EXERCISE PROMPT
The line containing "Enlarge Paloma 250850, a" marks the start of the required copy, which runs to the final line of the entries; return those lines exactly, without any pictures.

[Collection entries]
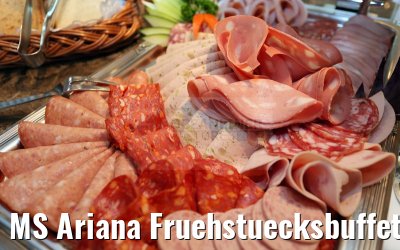 MS Ariana Fruehstuecksbuffet 31.03.2015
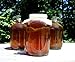 Cornucopia Brands 1-Gallon Glass Kombucha Jars w/Cotton Cloth Covers & Plastic Lids for Storage after Brewing (2-Pack)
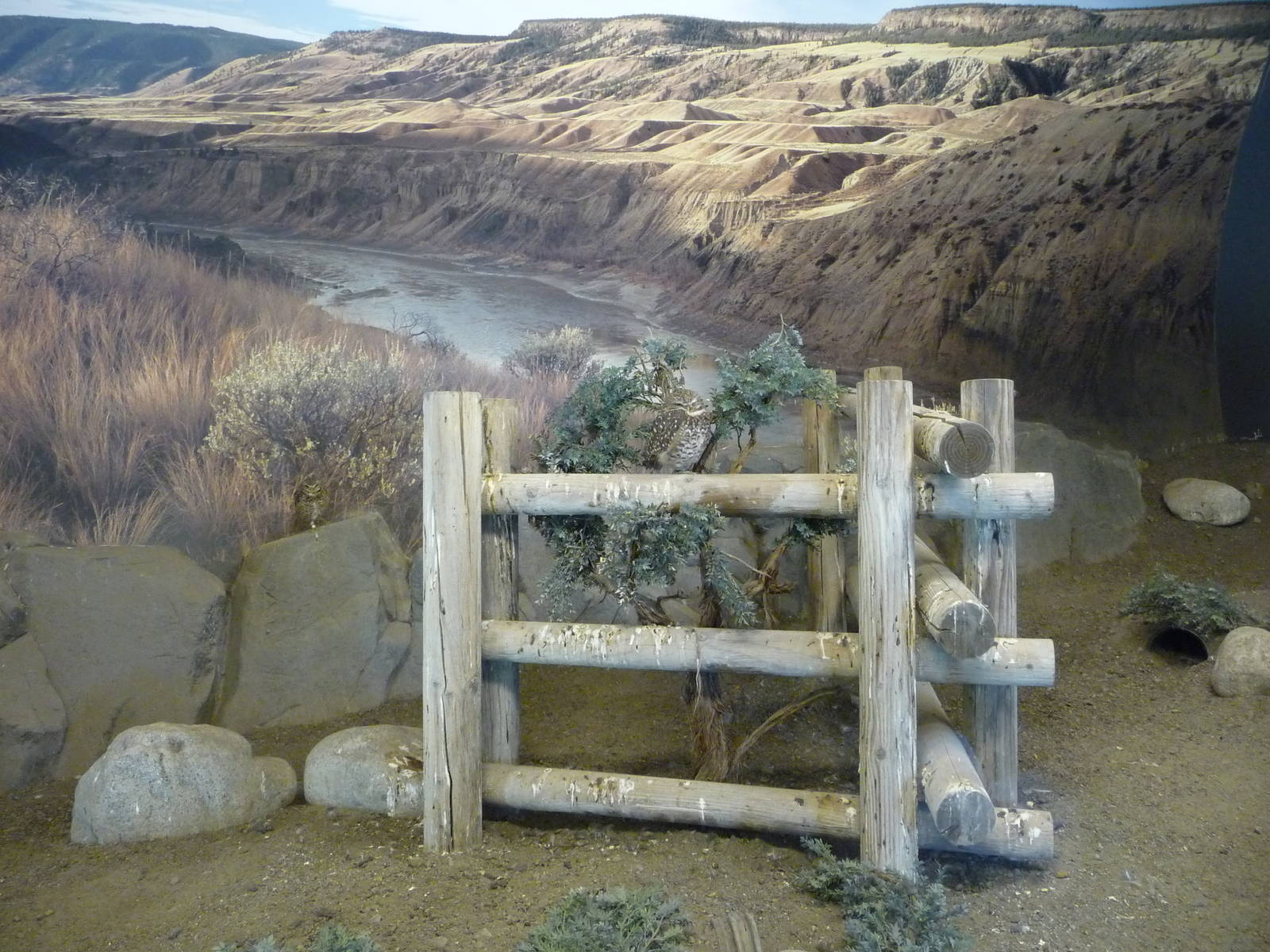 Burrowing Owl Exhibit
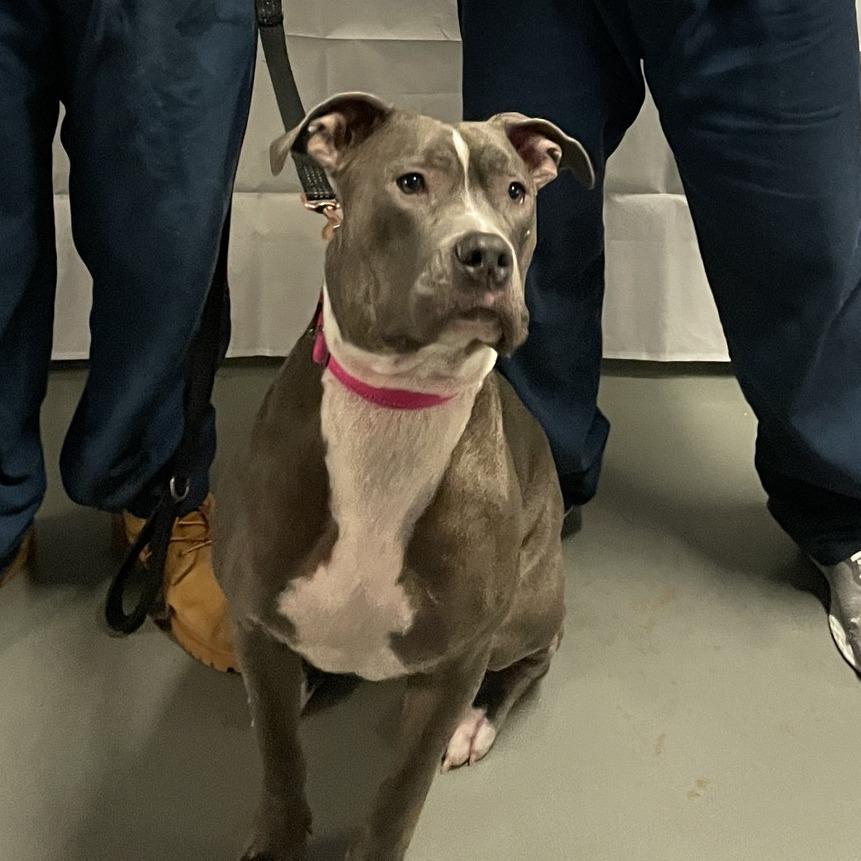 Enlarge Paloma 250850, a Adoptable Mixed Breed in Escanaba, MI image 6/6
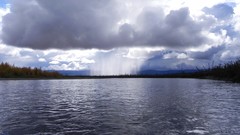 Landscapes creek nature rain birch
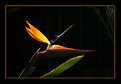 Picture Title - Bird of paradise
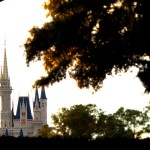 Disney's Cinderella Castle, framed by tree branches. Photo by Daniel St.Pierre, November 2010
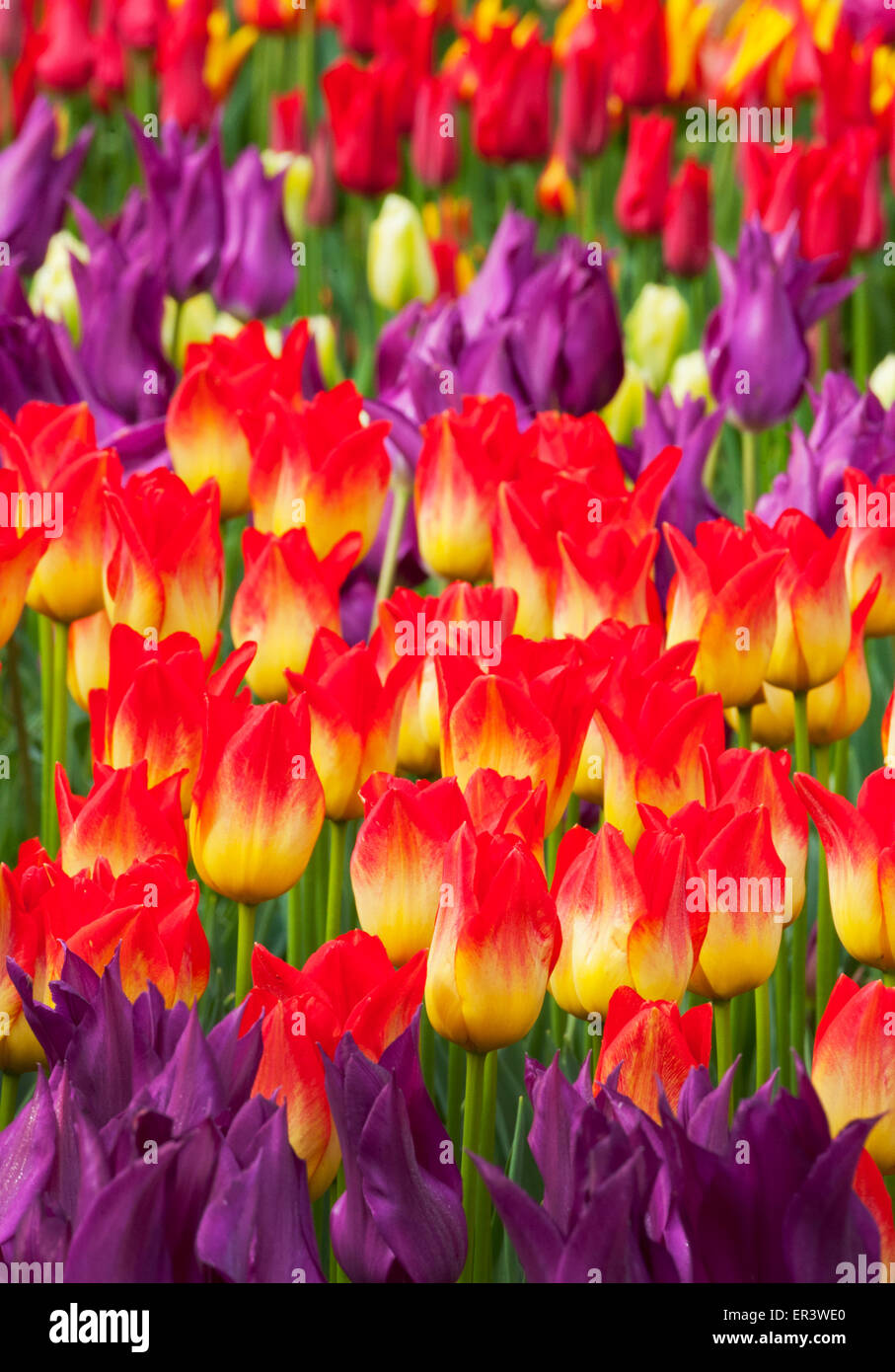 Tulips in bloom, Skagit Valley, Washington, April Stock Photo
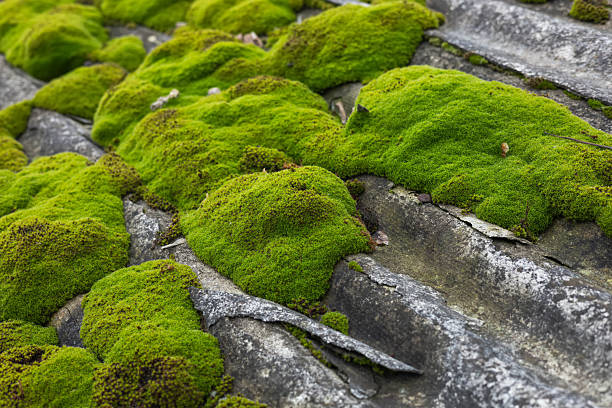 Green moss and algae on slate roof tiles.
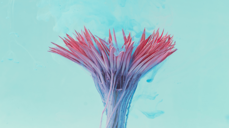 눈앞에 닥칠 운명! 나한테 도대체 무슨 일이?!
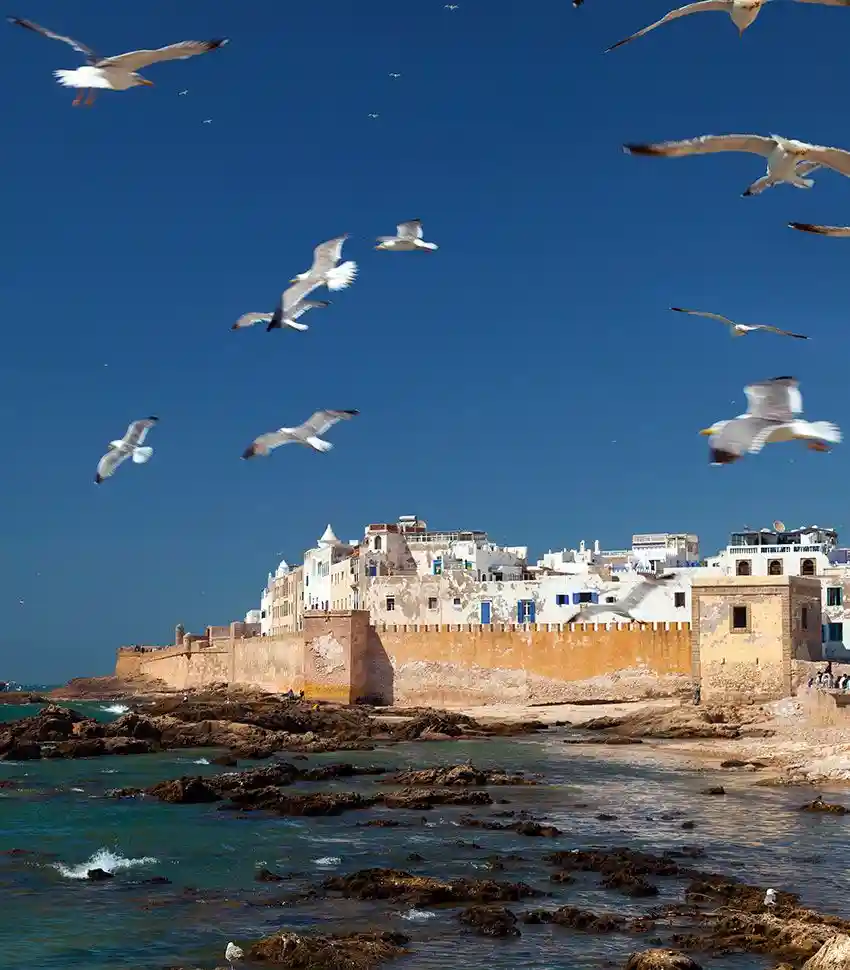 Cyclist riding along Essaouira’s Atlantic coast during the Raid MTB High Atlas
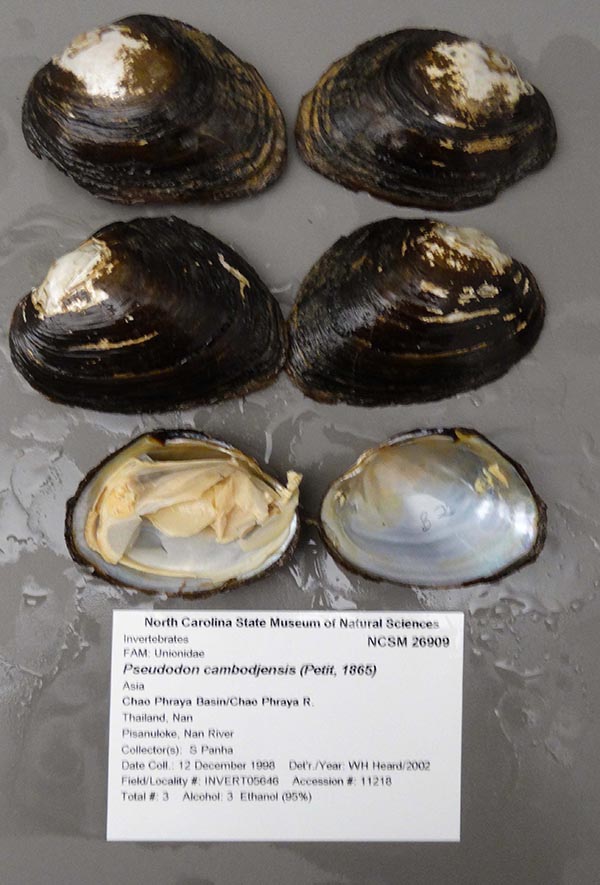 specimen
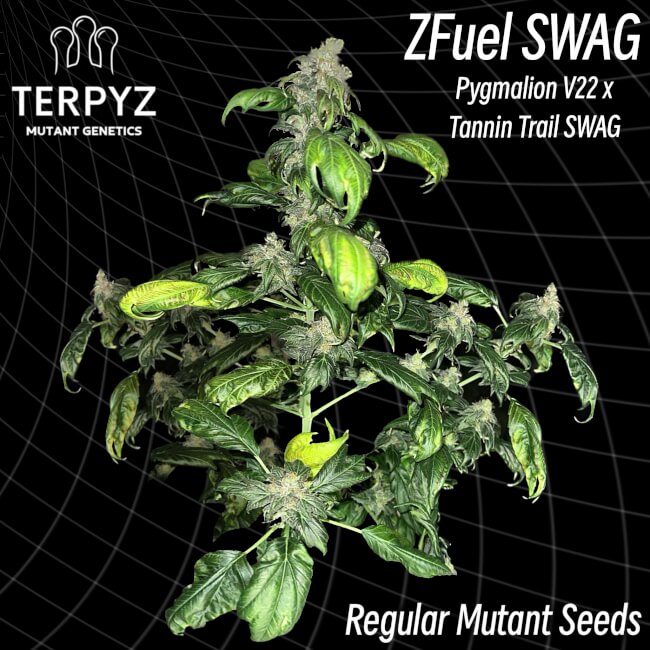 Zfuel Swag Regular Seeds - 10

OUTPUT BELOW
 Enlarge Paloma 250850, a Adoptable Mixed Breed in Escanaba, MI image 6/6
 Landscapes creek nature rain birch
 Picture Title - Bird of paradise
 Disney's Cinderella Castle, framed by tree branches. Photo by Daniel St.Pierre, November 2010
 Tulips in bloom, Skagit Valley, Washington, April Stock Photo
 Green moss and algae on slate roof tiles.
 눈앞에 닥칠 운명! 나한테 도대체 무슨 일이?!
 Cyclist riding along Essaouira’s Atlantic coast during the Raid MTB High Atlas
 specimen
 Zfuel Swag Regular Seeds - 10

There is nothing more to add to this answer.